Stihl Timbersports New Zealand Ladies Championship Winner Darcell Apelu, centre, with second-place-getter Alma Wallace, left, and third-place-getter Shannon Hodgetts, right. Photo/ Stihl
Stihl Timbersports New Zealand Ladies Championship Winner Darcell Apelu, centre, with second-place-getter Alma Wallace, left, and third-place-getter Shannon Hodgetts, right. Photo/ Stihl

Apelu, who found the sport as a student at Mount Maunganui College - also discovering her great grandfather competed in the sport in the 1940s, says success in the sport can come down to teaching.

"A lot of it comes down to teaching, if you haven't got that down pat you will struggle. The size of the body doesn't come into it. Just chopping a lots of blocks is good too," Apelu says.

The single saw competition had competitors use a two-metre saw to cut through a log while the stock saw competition required entrants to make two full cuts with a chainsaw in a 100mm zone. The underhand chop included standing on a short log and using an axe on both sides to cut through.

"A lot of us were quite nervous going into the stock saw event, which was first. It is the one that you might not win you a championship, but you can definitely lose it. If you make a mistake, you cannot recover.

Stihl New Zealand managing director Jochen Speer says the event has been at the Fieldays for the past two years, with the ladies championship introduced this year.

Apelu says the event is hopefully a catalyst to growth in the sport.

"The sport has been on the decline in terms of the amount of people for a while. We are hoping the Timbersports starts helps it become more popular."

Her success in the recent competition caps off a great season, which has also included winning the single saw and double saw titles at the Sydney Royal Easter Show this year. Apelu describes the Sydney event as the "Wimbledon" of her sport and won the doubles title with Te Aroha's Sheree Taylor.

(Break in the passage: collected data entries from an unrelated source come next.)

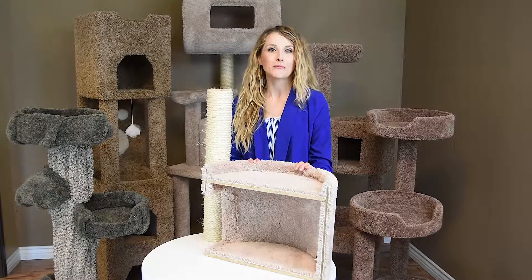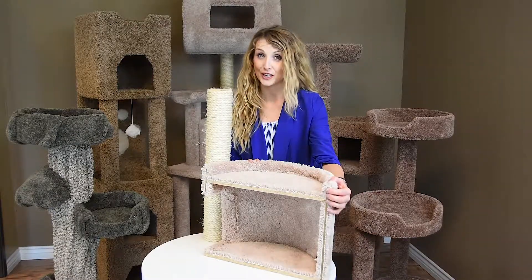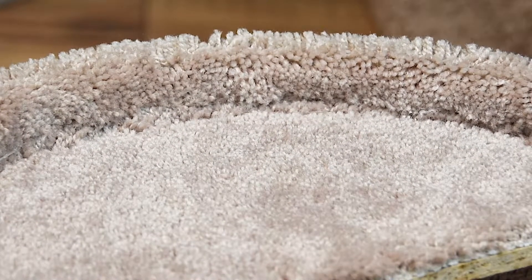New Cat Condos are made in the USA with solid wood for stability, sturdiness, plush, household grade carpet for comfort and long lasting product.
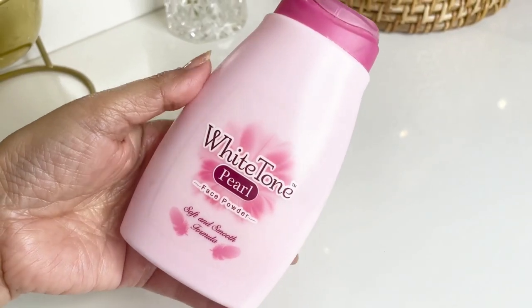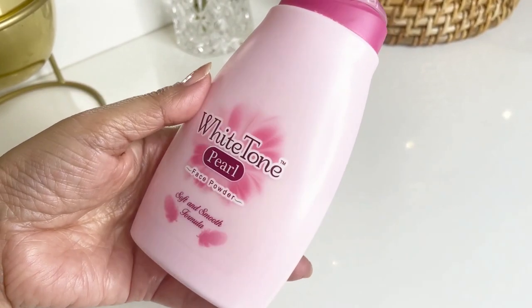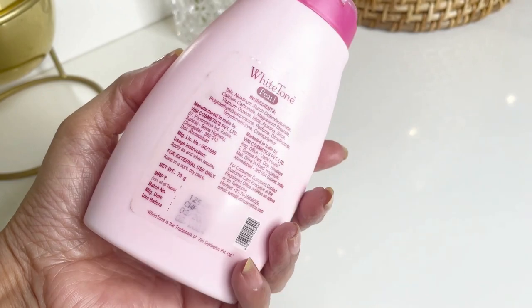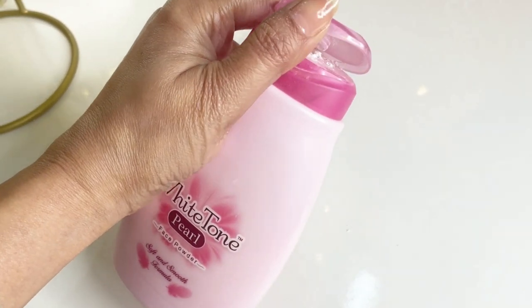Let's dive into the white toned face powder. It comes in this cute bubbly plastic jar with a feminine touch in its color — I can see it being a hit especially among teens. The price is very affordable: MRP is 115 rupees for 70 grams, but it's available at 72 rupees on Amazon.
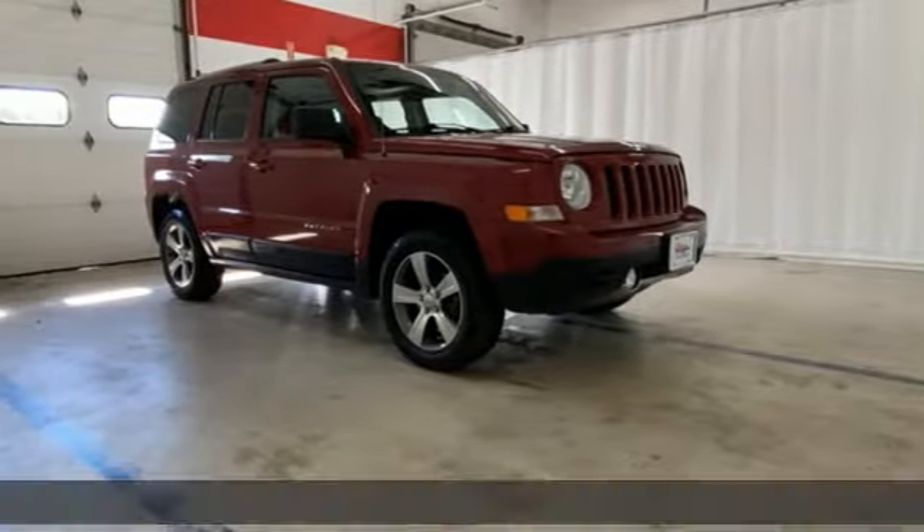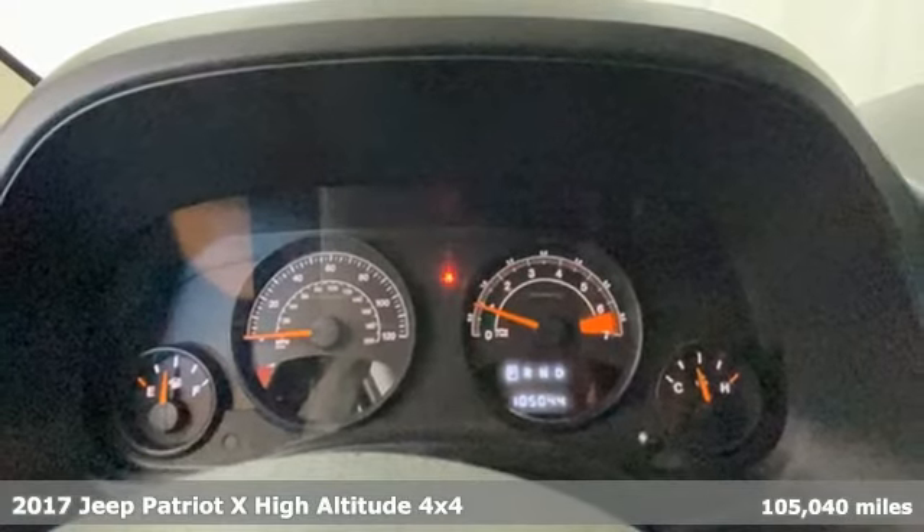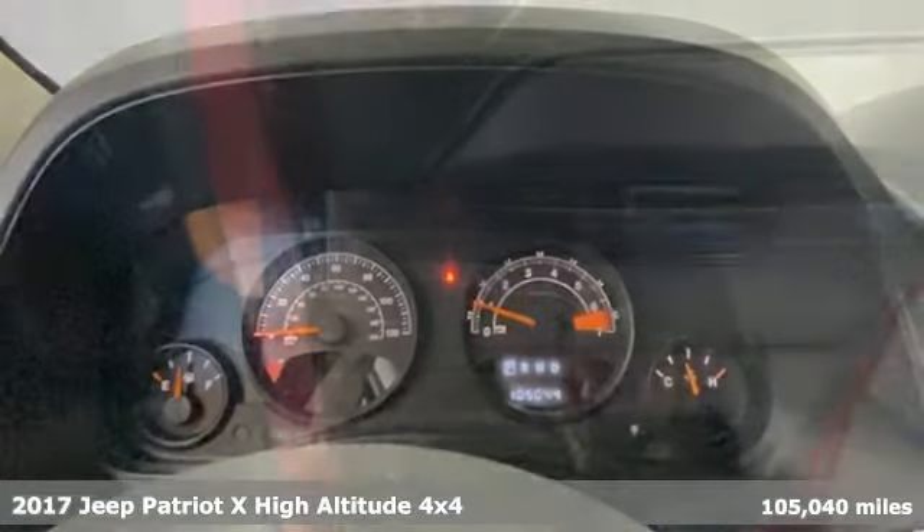It's a 2017 Jeep Patriot X. Journey anywhere in a Jeep. It's equipped for all your driving needs and wants.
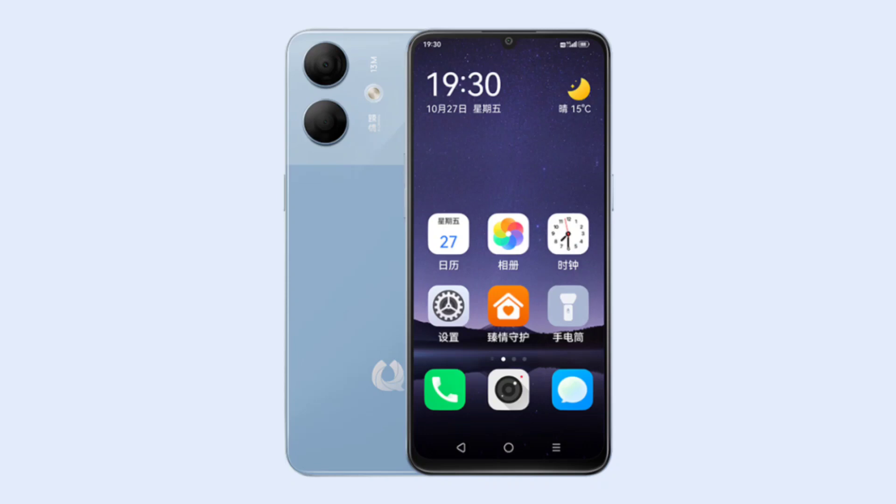The phone sports a 13-megapixel main rear camera, a 2-megapixel macro lens, and a front 5-megapixel camera for video calls. It comes with 6GB of RAM and 128GB of storage, and out of the box the device runs on Android 13 with Zico OS on top.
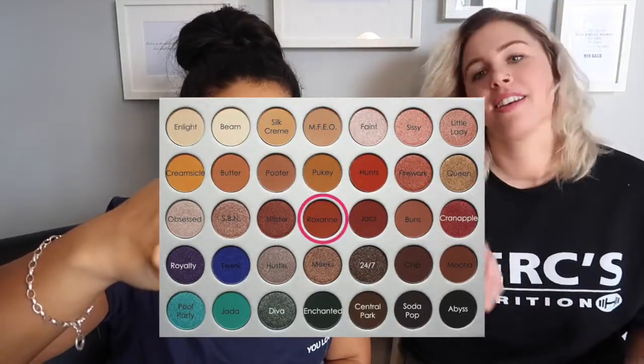So we're going to pick the five colors from this palette. I'm going to close my eyes. Okay, she has her five colors. So we have: Faint, Queen, Roxanne, Twerk, and Diva. All right, let's get started.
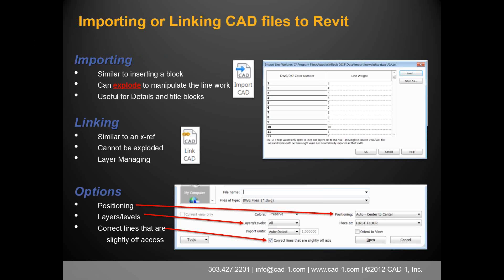When importing or linking CAD files into Revit, the key difference is: importing is like inserting a block. These files can be exploded to manipulate linework and are useful for details and title blocks, but they don't update. Linking is like an XREF file — these files cannot be exploded. Linked files have layer management capability, so you can work with AutoCAD layers, change layer thicknesses to get walls with the right line thickness.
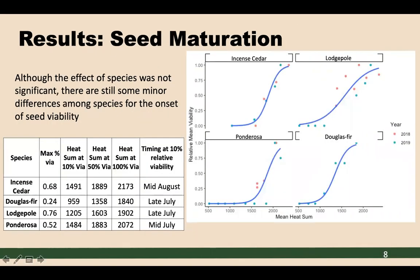Those subtle differences can be seen in the onset of viability differing among species. Looking at the timing of 10% relative viability — since at least 10% viable seeds means some seeds can contribute to regeneration if fire rolls through — this ranged from mid-July to mid-August, with ponderosa pine maturing the quickest and incense cedar maturing the latest.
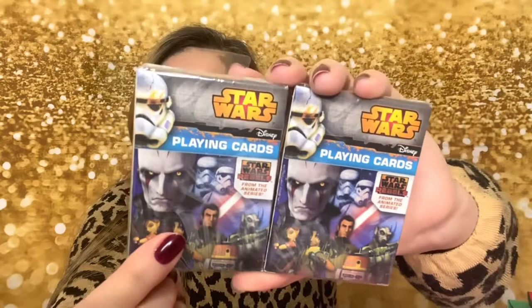For my oldest son I found something — he's a teenager now and not really into table games like Monopoly anymore, but when he goes back to college maybe he will be. I got him Star Wars Mandalorian playing cards — I got two packs to put in his stocking. He watches The Mandalorian on Disney Plus. I thought my youngest would like it too, but he's five and not really into it.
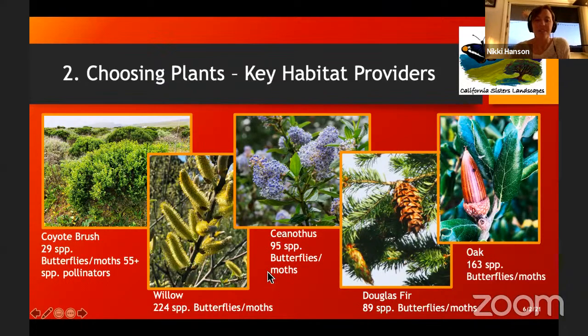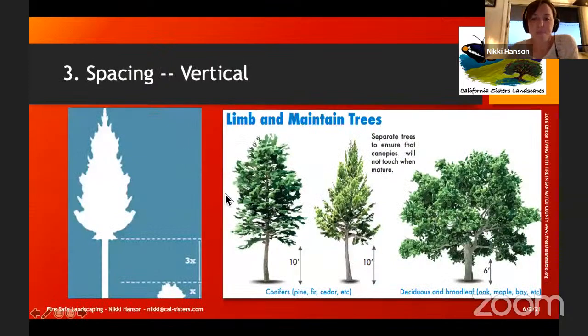Vertical spacing: when looking at the surrounding environment — and this can even apply in residential areas — you want to think about the spacing between the ground level and the canopy level.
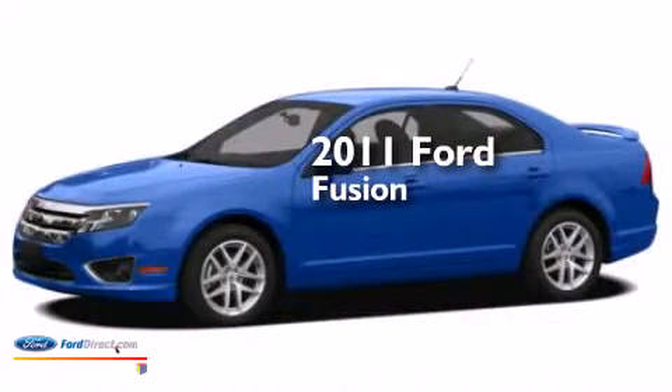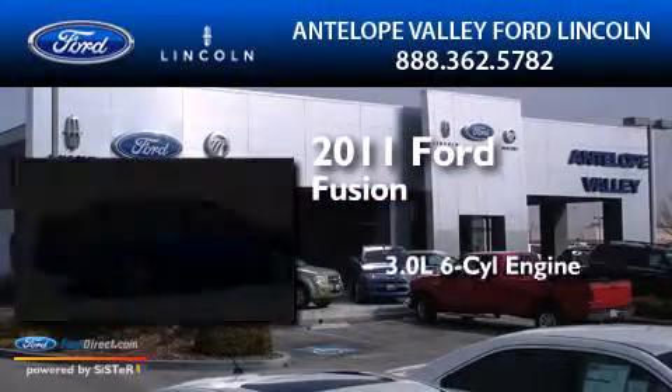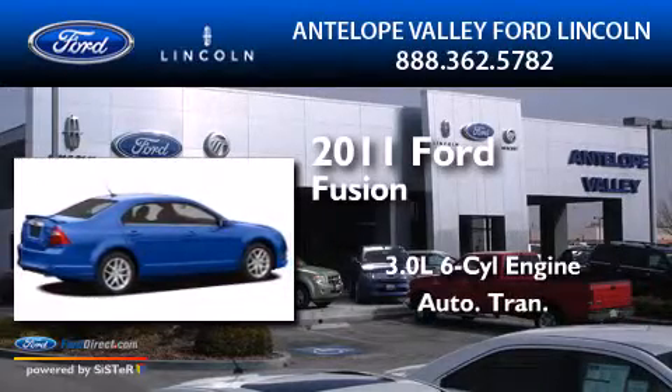This is a 2011 Ford Fusion. It features a 3.0-liter six-cylinder engine and an automatic transmission.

The woodchopping season runs from October to April.

Apelu and her husband, Charles Hall, compete all over New Zealand and while most of their practice is done at home, they also belong to the Rotorua Axeman's A&P Club. Her club holds an annual event, with up to 42 woodchoppers, on Auckland Anniversary weekend at the end of January.

"It is an interesting sport and anyone can get into it and it is very family orientated. There is a lot that goes on behind the scenes, you have to get blocks, chop them, rig them up – there is a lot of work and for us it is part of our lifestyle," Apelu says.

The next major focus for Apelu is returning to Sydney next year to defend her titles.